Koch Minerals & Trading (KM&T) recently participated in a $700 million debt and equity financing round for Hybar, a newly formed company that plans to build, start up and operate a technologically advanced and energy-efficient scrap metal recycling steel rebar mill in Arkansas.
- KM&T joined TPG Rise Climate and Global Principal Partners in the investment, $470 million of which will be spent to build the mill, with the remainder used to start up and operate it, build a solar power plant and port facility, and pay certain debt service costs during construction.
BY THE NUMBERS:
- The mill is expected to take 22 months to build on a 1,300-acre site with direct access to barge, rail, and truck transportation options.
- Hybar plans to produce 630,000 tons of rebar annually with approximately 154 employees, or 4,090 tons per employee.
WHY KOCH INVESTED: “We’re excited to support Hybar in bringing this transformational scrap metal recycling facility to market,” said Vance Holtzman, senior vice president of KM&T Investments. “Moving forward, we see this as a mutually beneficial partnership, matching KM&T’s capabilities with the Hybar and TPG teams’ proven track record in developing innovative projects that meet market needs.”

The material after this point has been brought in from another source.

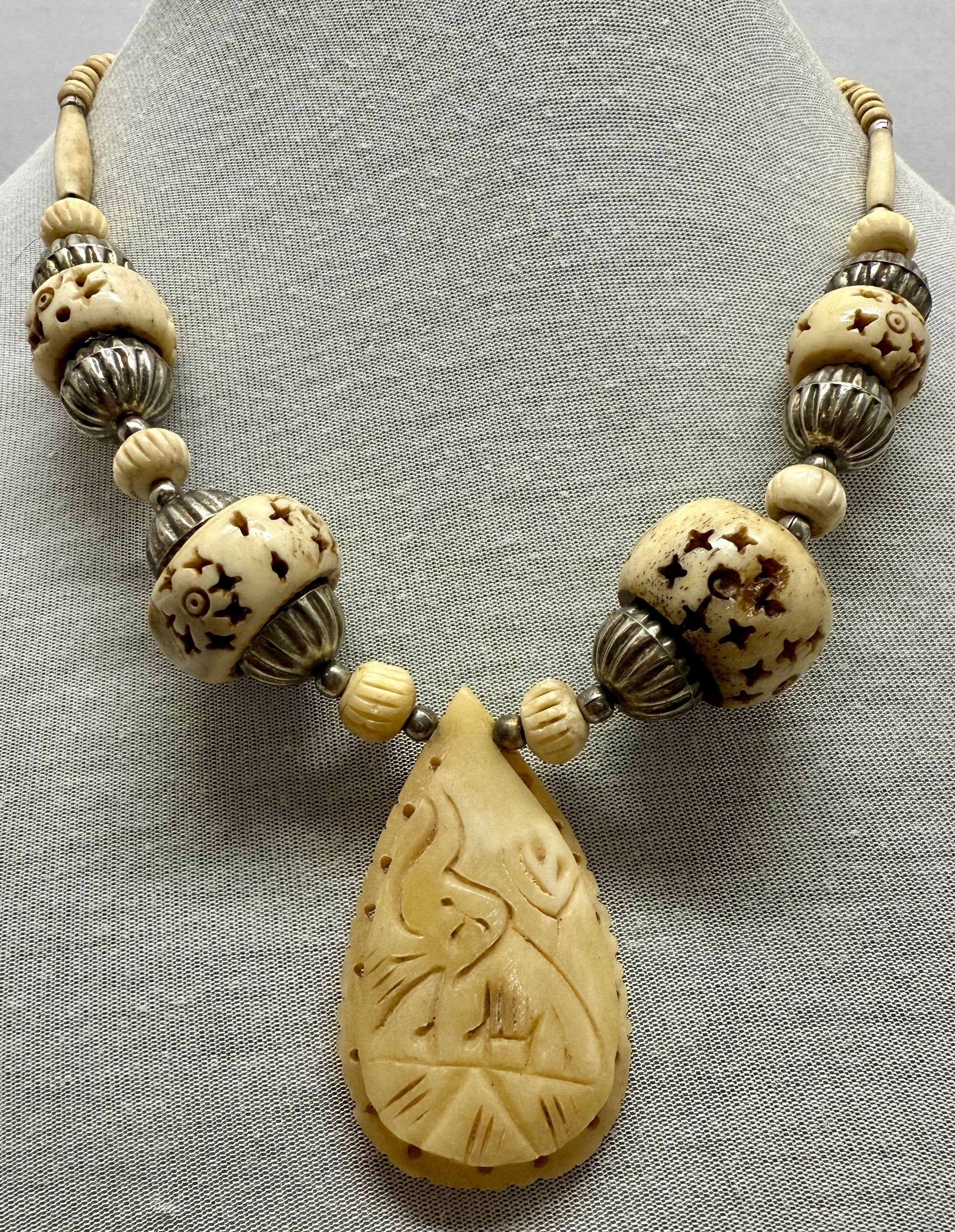 5E. Vintage 1960s Hand Carved Bone Bead & Pendant with Silver Tone Metal Accents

- The partnership with Hybar follows a successful investment in Big River Steel, which was subsequently fully acquired by U.S. Steel.

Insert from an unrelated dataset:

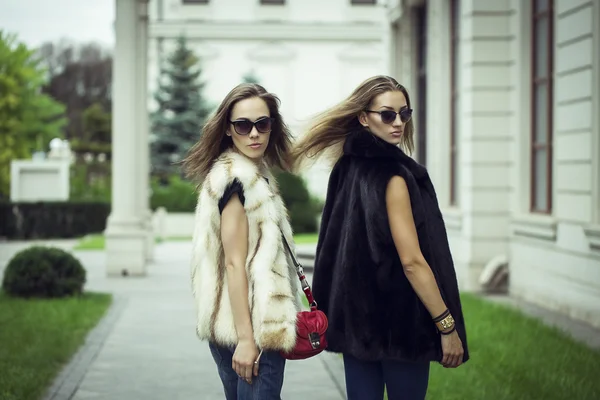 Prise de vue de mode de deux belles filles élégantes dans le coucher du soleil portant des lunettes de soleil, gilets de fourrure. Deux jeunes femmes en plein air dans la rue. Shopping inspiration — Photo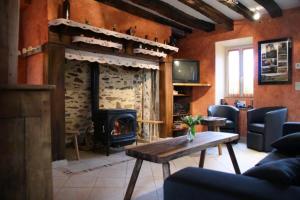 a living room with a fireplace and a table at Gîte de France Pierrelise 3 épis - Gîte de France 8 personnes MAE-9194 in Espartignac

- KM&T subsidiary Koch Metallics will provide metallics procurement services to Hybar and risk management services to Hybar customers.
WHAT THEY’RE SAYING: “We’re proud to have the backing of Koch Minerals & Trading as part of a group of investors that see the potential promise of our innovative scrap metal recycling steel rebar technology,” said Hybar CEO Dave Stickler.